Sous le plafond, une rangée de lampes qu’on appelle le « collier de perles ». En 1881, l’opéra a été le premier bâtiment de France à être électrifié. Mais l’essentiel de la lumière vient du gigantesque lustre de bronze, opaline et cristal de Bohème qui, contrairement aux rumeurs, n’est jamais tombé. En revanche, il descend dans la salle deux fois par an pour être nettoyé et qu’on lui change ses 323 ampoules. Et si le public ne voit de la salle que velours et dorures, la structure du bâtiment est pourtant en métal, pour réduire les risques d’incendies. Comme Baltard ou Eiffel, Garnier est à la pointe de la technique.
L’Opéra Bastille élargit les possibilités, mais fait polémique dès sa construction
A l’opposé de Garnier, l’opéra Bastille se voudra sobre. Du moins dans sa décoration. En 1983, François Mitterrand lance les travaux « d’un opéra moderne et populaire », à la place de l’ancienne gare de la Bastille. Pourtant l’histoire se répète : lors de l’inauguration le 13 juillet 1989, le bâtiment de Carlos Ott n’est pas terminé. Lorsqu’il ouvre huit mois plus tard, on s’aperçoit qu’il n’y a ni billetterie, ni foyer, ni toilettes ! Noir et blanc, avec quelques touches marron sur les sièges et les portes, le nouvel opéra apparaît « moderne » aux uns, « glacial » aux autres.

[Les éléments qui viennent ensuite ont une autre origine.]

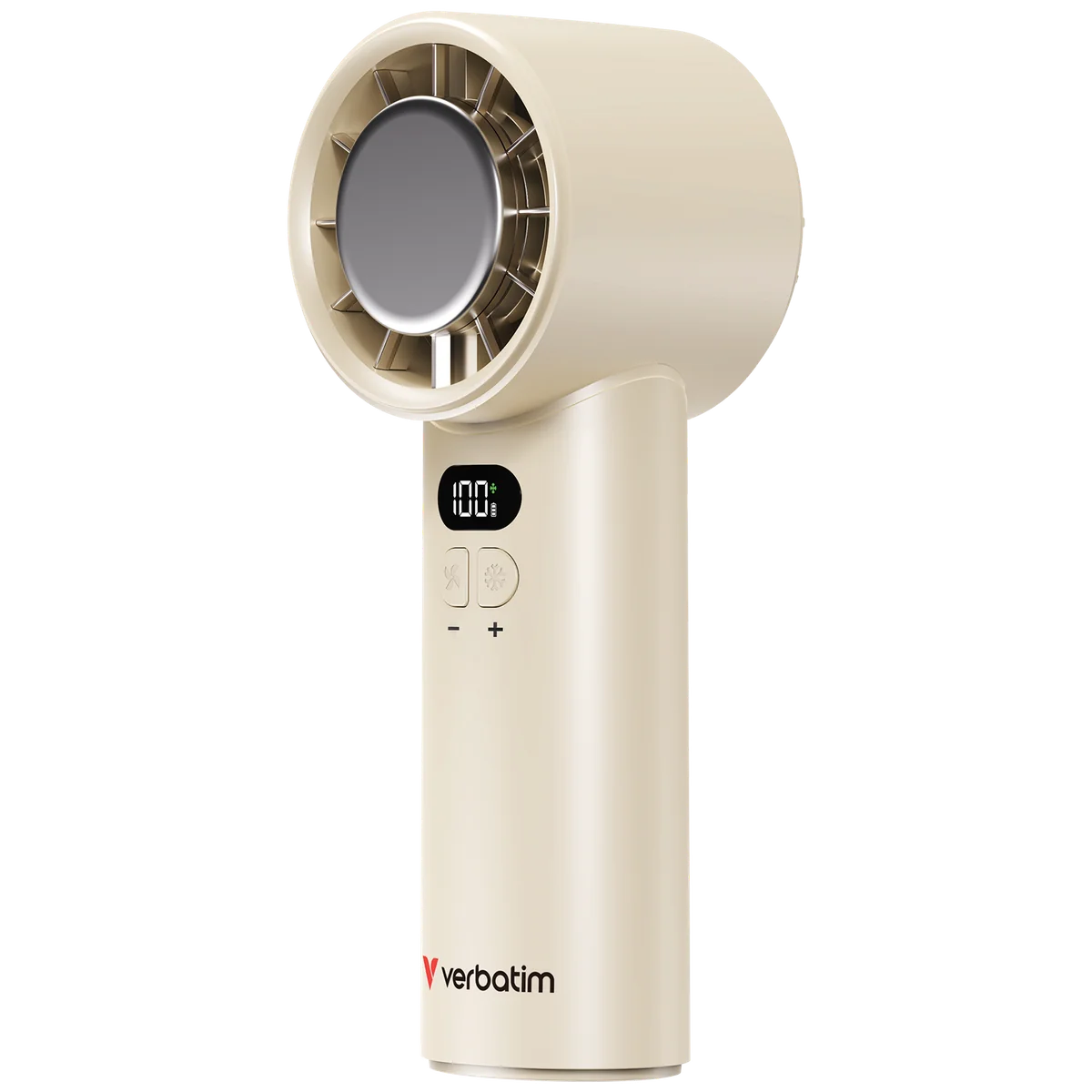 Verbatim Cool 'n' Go Ice Touch Argent, Blanc Ventilateur portable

Mais Bastille peut accueillir 2745 spectateurs, soit 766 de plus que le palais Garnier. S’y ajoutent un amphithéâtre (500 places) et un Studio (237 places), ouvrant la possibilité de concerts symphoniques ou de musique de chambre. Surtout, l’immense scène munie d’un plateau tournant permet des décors mobiles, en volume et non en trompe l’œil, qui peuvent être stockés à l’arrière ou au 6ème dessous, et déplacés sur de grands chariots motorisés. La fosse d’orchestre, quant à elle, peut accueillir 130 musiciens. De quoi élargir considérablement le répertoire et les possibilités de mise en scène.
Pourtant, la salle a toujours attiré la polémique par son coût d’entretien, et le prix des places jugé trop cher malgré quelques initiatives pour rendre accessibles les dernières catégories. La salle modulable pour les répétitions, préconisée par Boulez, est longtemps restée dans les cartons. En 2016, le projet est déterré pour une fin de construction à l’horizon 2023. Institution pluricentenaire, l’opéra de Paris se renouvelle et s’adapte aux époques. Aujourd’hui un potager s’épanouit sur les toits de Bastille, tandis que ceux de Garnier abritent des ruches.